Terminal: Choice of Programming Language and Libraries
Any shell is essentially a REPL (Repeat-Evaluate-Print Loop), yet any non-trivial one is much more than that. Features like highlighting, history, command line editing, auto completion and rich data presentation require the capability of full control of the terminal. Terminal programming is a messy area, however, with the complexity coming from the long history and the vast variety of terminal types and operating systems. C/C++ is ideal for terminal IO programming, but for easier interoperation with data sources and other systems, Java is chosen.
Using Java to directly control the terminal is a lot of work.
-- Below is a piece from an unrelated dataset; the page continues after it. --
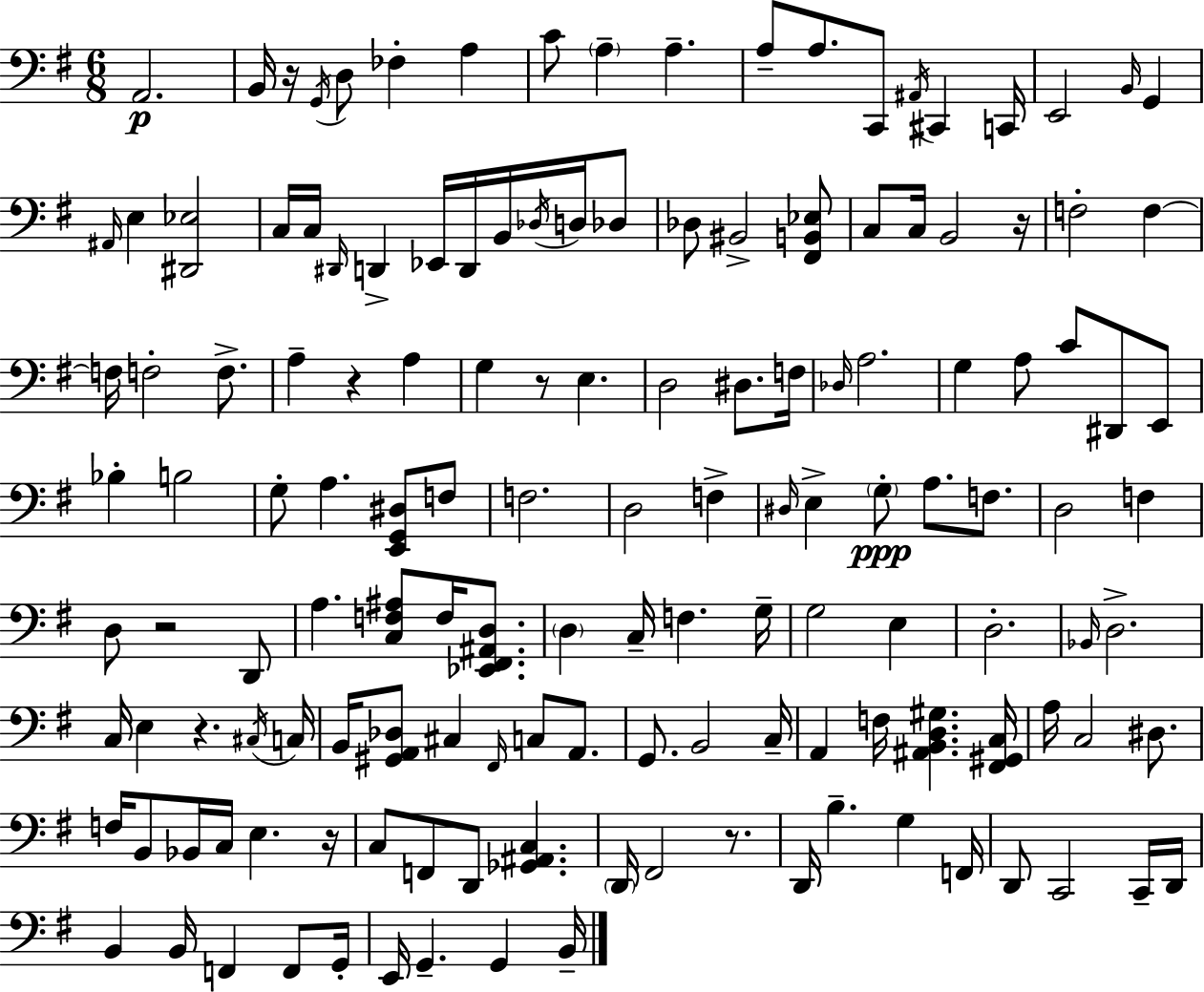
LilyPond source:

For example, to use the alternate screen and restore the previous screen we need to write code like this:
System.out.print(“\e[?1049h"); // tput smcup
System.out.print("\e[?1049l"); // tput rmcup
Which is neither pretty nor platform independent. Library Lanterna offers a Java style abstraction and solves the platform dependency problem. However, Lanterna is a very low level API; there’s still too much work. For example, for features like highlighting and auto completion, we need to use the non-canonical mode of the terminal, in which in order to process the simple user input of backspace we need to move the cursor, print a space, and move the cursor again.
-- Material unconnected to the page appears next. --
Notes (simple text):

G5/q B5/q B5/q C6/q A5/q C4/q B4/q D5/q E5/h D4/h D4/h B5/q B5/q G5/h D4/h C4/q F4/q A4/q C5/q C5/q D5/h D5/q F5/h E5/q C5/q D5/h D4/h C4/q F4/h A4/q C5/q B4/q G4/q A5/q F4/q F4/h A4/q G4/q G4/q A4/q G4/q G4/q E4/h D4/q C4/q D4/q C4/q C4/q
The final library chosen is higher level one, Jline 3.8.2. Though knowledge of terminal programming is still necessary, Jline saves a lot of work. The mysterious code above now becomes:
terminal.puts(InfoCmp.Capability.enter_ca_mode); // tput smcup
terminal.puts(InfoCmp.Capability.exit_ca_mode); // tput rmcup
Use “HELP” to show all commands and their brief descriptions, or “help <command>” to get more detail about a specific command.
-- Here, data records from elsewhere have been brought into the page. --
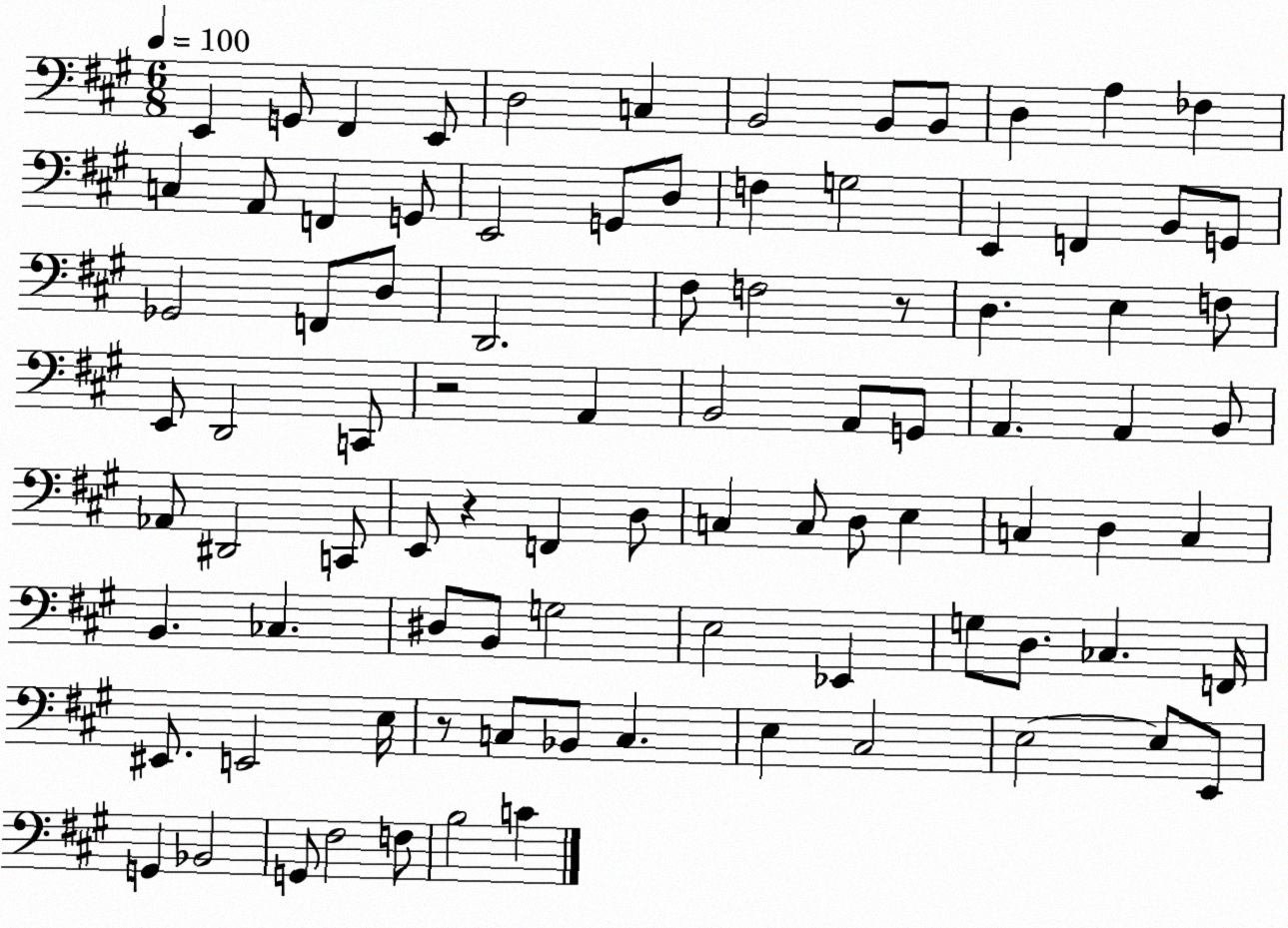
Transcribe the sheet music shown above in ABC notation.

X:1
T:Untitled
M:6/8
L:1/4
K:A
E,, G,,/2 ^F,, E,,/2 D,2 C, B,,2 B,,/2 B,,/2 D, A, _F, C, A,,/2 F,, G,,/2 E,,2 G,,/2 D,/2 F, G,2 E,, F,, B,,/2 G,,/2 _G,,2 F,,/2 D,/2 D,,2 ^F,/2 F,2 z/2 D, E, F,/2 E,,/2 D,,2 C,,/2 z2 A,, B,,2 A,,/2 G,,/2 A,, A,, B,,/2 _A,,/2 ^D,,2 C,,/2 E,,/2 z F,, D,/2 C, C,/2 D,/2 E, C, D, C, B,, _C, ^D,/2 B,,/2 G,2 E,2 _E,, G,/2 D,/2 _C, F,,/4 ^E,,/2 E,,2 E,/4 z/2 C,/2 _B,,/2 C, E, ^C,2 E,2 E,/2 E,,/2 G,, _B,,2 G,,/2 ^F,2 F,/2 B,2 C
Use "SHOW TABLES" to Displays all tables. Use "SHOW FUNCTIONS" to display all functions. Use "DESCRIBE <table name>" to display the schema of a table. The result is displayed as a formatted table and the column width is automatically adjusted, where lines are automatically wrapped within the columns to make most efficient usage of the screen room. Lines are colored with alternative colors for better reading.
Use "SELECT" command to executes a select SQL statement. The shell uses a logging view to display the result for now (table view will be supported in the future and users will be allowed to choose among various views by the SET command). User can press SPACE to pause the view from scrolling or resume displaying. When the view is paused, data accumulates in the buffer.
Use "EXECUTE" command to executes a SQL file. All the SELECT statements in the file will be omitted as executing streaming SELECT statements in a batch doesn’t make sense.
Use "INSERT INTO" to execute an INSERT INTO statement. User gets an execution ID if this non-query statement is submitted successfully, and they can use the ID to control the execution later.
Use "LIST" command to list all the non-query executions that have been executed. It displays the ID, status and original statement of the execution. You can also use “LS [id1, id2...]” to list specific executions.
Use "STOP" command to stop the specified execution(s).
Use "RM" command to remove stopped executions(s) that from showing in the future.
SET: Use “SET” command to display the name and value of all environment variables that impacts the behavior of the shell and the "SqlExecutor". Use “SET <<name>=<value>>” to set a variable. These environment variables can also be set in the configuration file, namely "conf/shell-defaults.conf".
Use "CLEAR" command to clear the screen.
Use "EXIT" or "QUIT" to quit the shell.
Samza SQL shells run jobs in Samza standalone mode. Samza executor can run multiple non-query jobs as backend jobs simultaneously, and run a single query job as a front-end job. Job results are stored in a data buffer. Samza SQL shell provides commands for users to manage their jobs easily.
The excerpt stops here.